What the task requires: Using the records below, copy exactly the part that opens with the line holding "south__side_7" and closes with the line holding "WESTERN HILLS UNIT 2 - Residential", minus the pictures.
::: Records to process :::
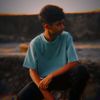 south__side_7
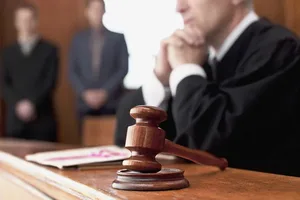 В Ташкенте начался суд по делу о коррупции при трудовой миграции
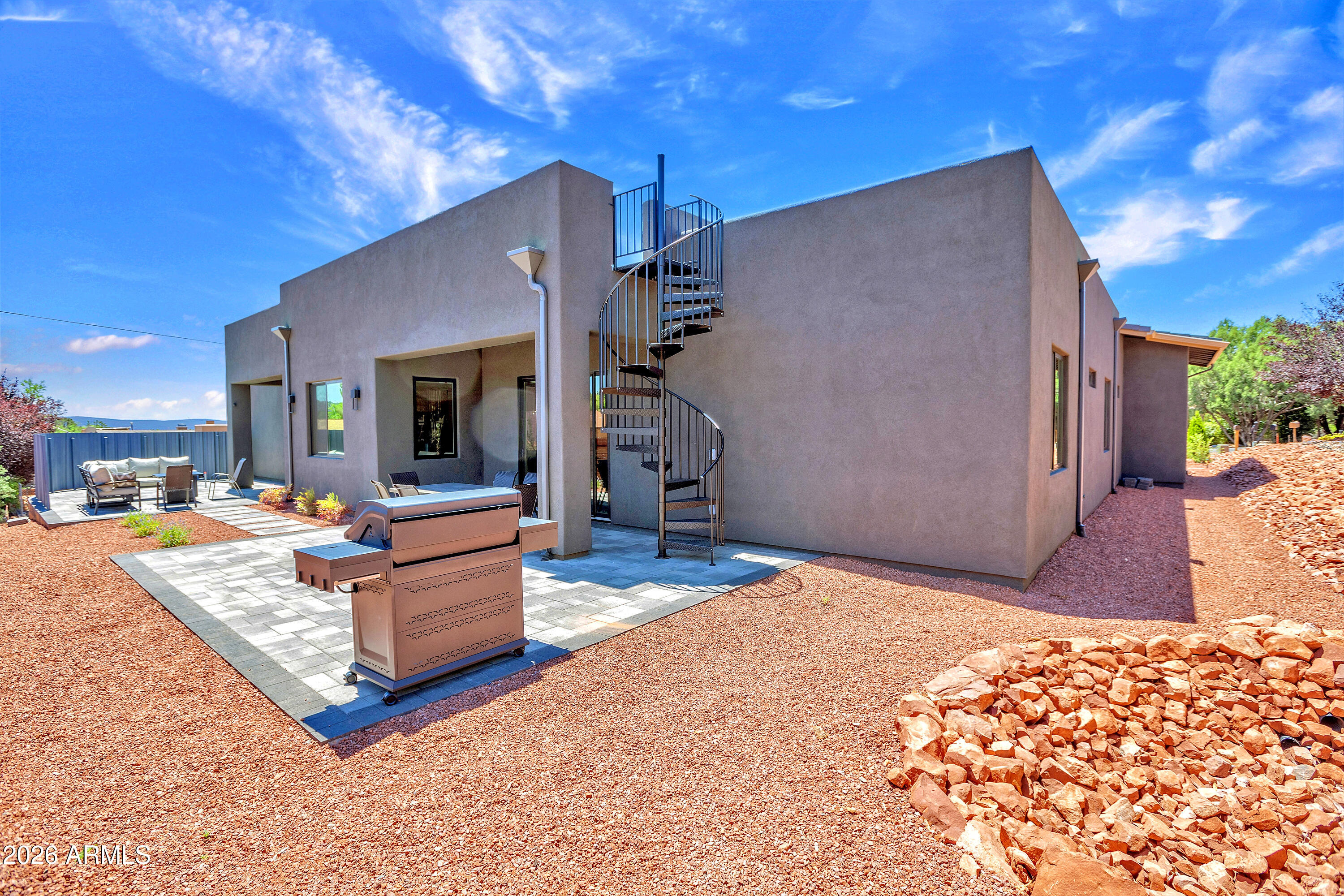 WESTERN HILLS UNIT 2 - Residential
:::
::: Records to process :::
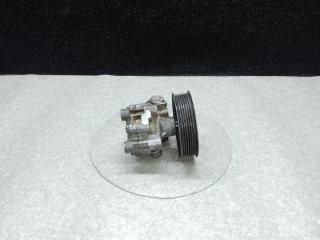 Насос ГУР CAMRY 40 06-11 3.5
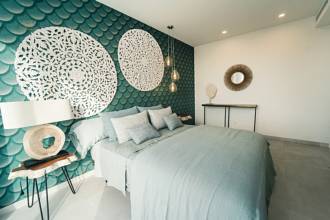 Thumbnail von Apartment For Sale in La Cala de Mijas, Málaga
:::
::: Records to process :::
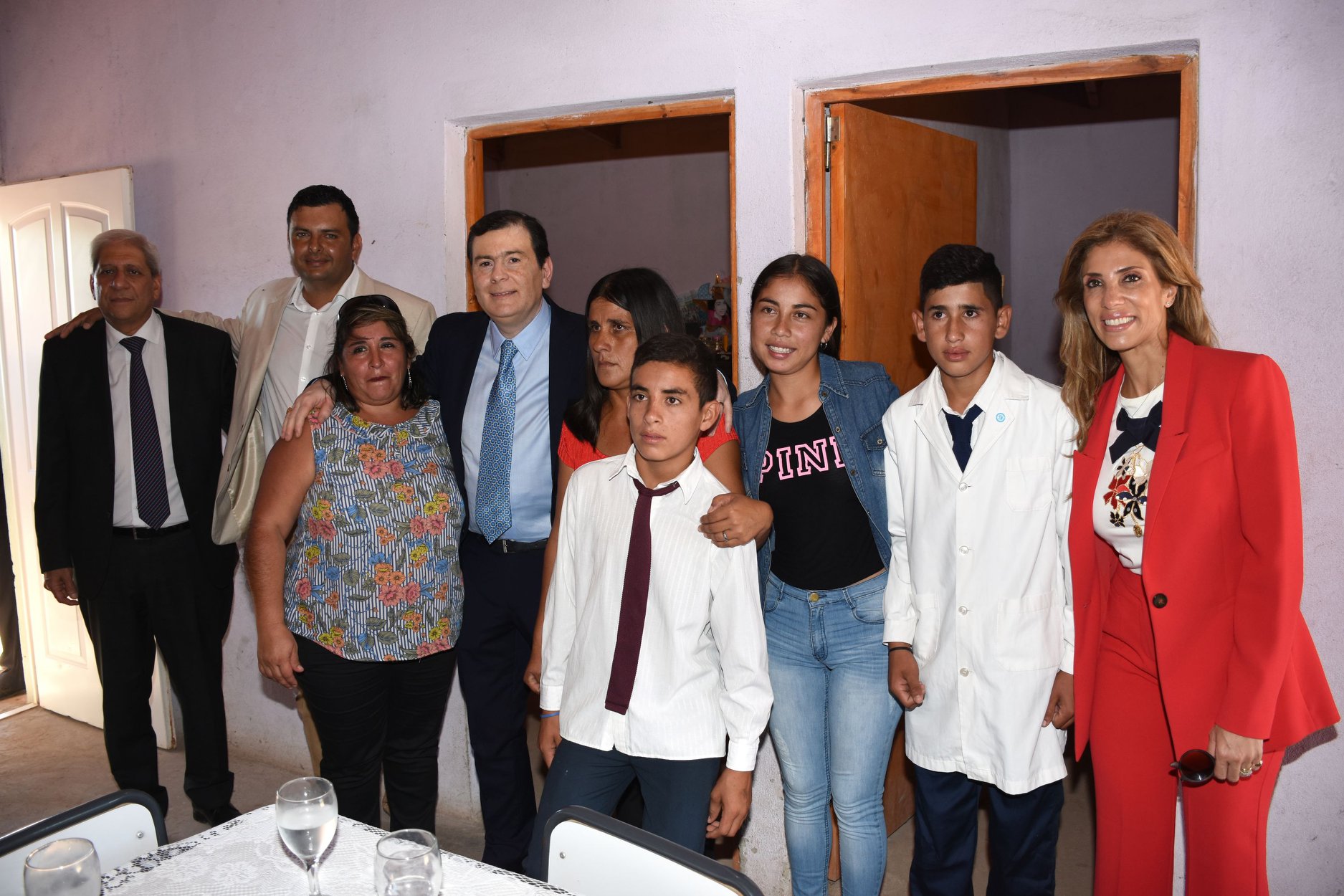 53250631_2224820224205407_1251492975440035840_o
:::
Exercise result:
 south__side_7
 В Ташкенте начался суд по делу о коррупции при трудовой миграции
 WESTERN HILLS UNIT 2 - Residential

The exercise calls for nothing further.